▶ [Your assignment]
Your task is to give the listing below back word for word, pictures excluded.

▶ [Information supplied]
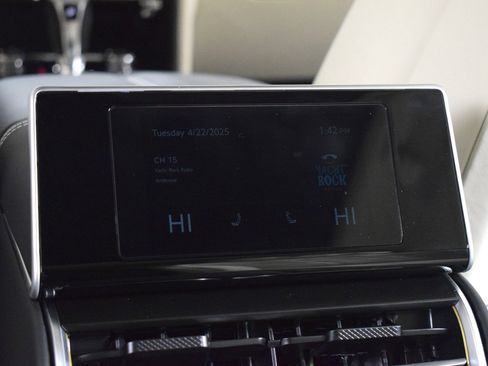 New 2025 Bentley Flying Spur Plug-In Hybrid image 20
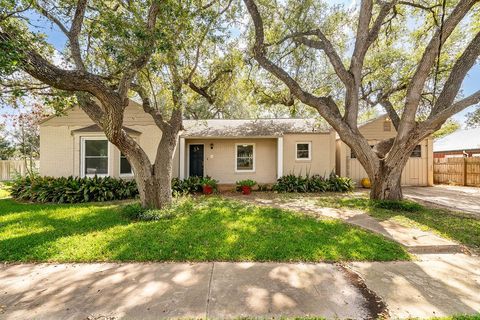 A home in Beeville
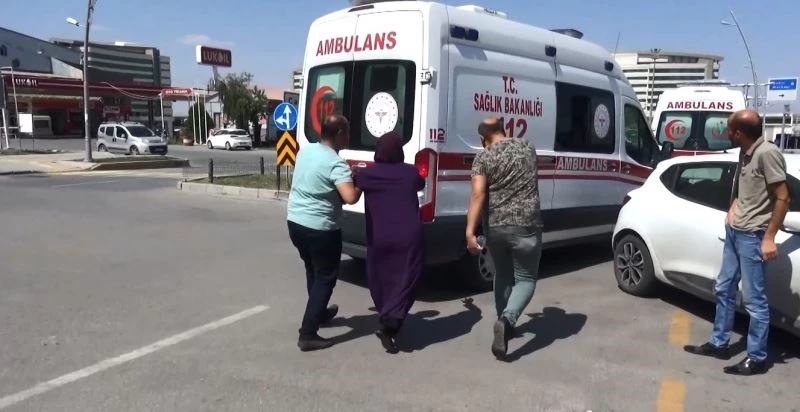 Kaza yapan kocasını öldü sanıp ambulansın peşine koştu
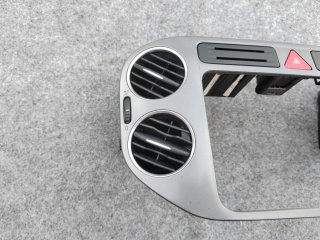 Aireador central volkswagen tiguan 2009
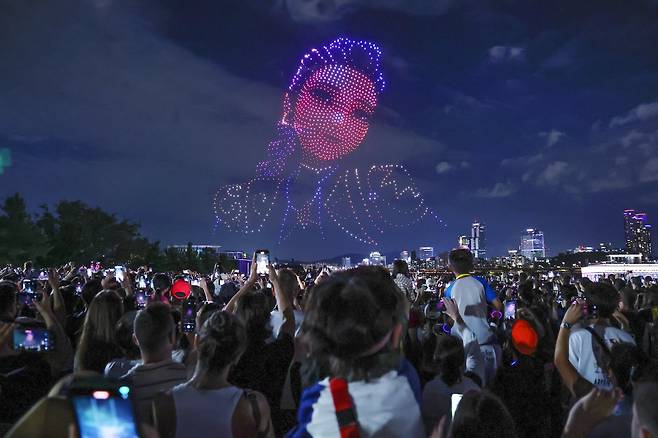 지난달 7일 서울 광진구 뚝섬한강공원에서 열린 '2025 한강 불빛 공연(드론 라이트쇼)'에서 1,200여 대의 드론이 '케이팝데몬헌터스(케데헌)' 캐릭터들의 모습을 이루며 밤하늘을 수놓고 있다. /뉴스1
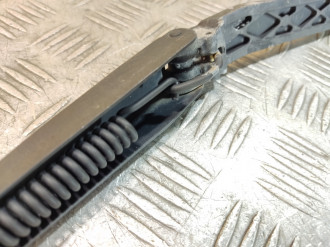 Поводок стеклоочистителя передний левый Mitsubishi Outlander CU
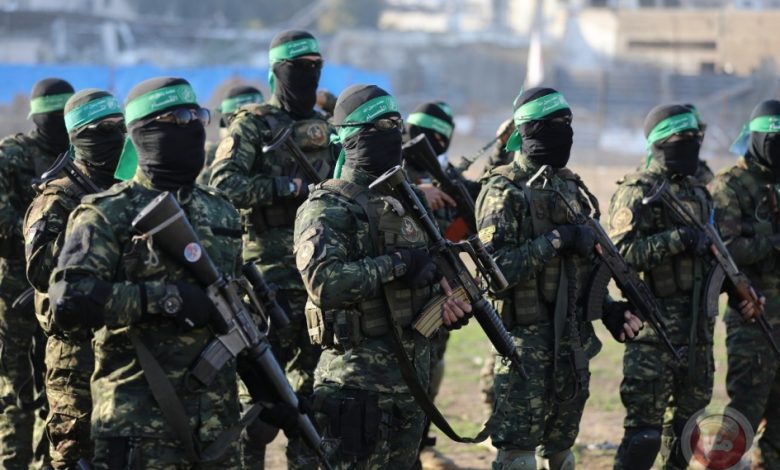 حماس توافق على اخراج مقاتليها من مناطق خلف الخط الاصفر عبر سيارات الصليب الأحمر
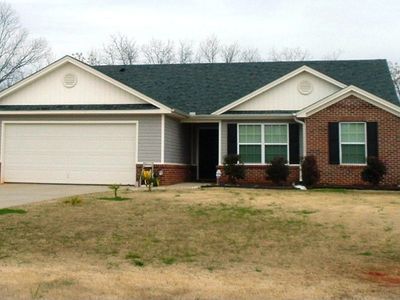 316 Simeon Rd, Statham, GA, 30666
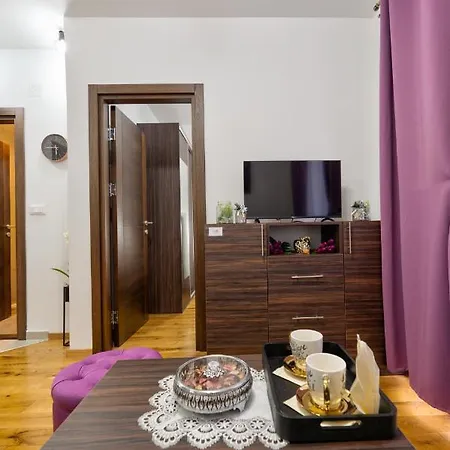 Lägenhet Avala 26, Kompleks Titova *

▶ [Task output]
 New 2025 Bentley Flying Spur Plug-In Hybrid image 20
 A home in Beeville
 Kaza yapan kocasını öldü sanıp ambulansın peşine koştu
 Aireador central volkswagen tiguan 2009
 지난달 7일 서울 광진구 뚝섬한강공원에서 열린 '2025 한강 불빛 공연(드론 라이트쇼)'에서 1,200여 대의 드론이 '케이팝데몬헌터스(케데헌)' 캐릭터들의 모습을 이루며 밤하늘을 수놓고 있다. /뉴스1
 Поводок стеклоочистителя передний левый Mitsubishi Outlander CU
 حماس توافق على اخراج مقاتليها من مناطق خلف الخط الاصفر عبر سيارات الصليب الأحمر
 316 Simeon Rd, Statham, GA, 30666
 Lägenhet Avala 26, Kompleks Titova *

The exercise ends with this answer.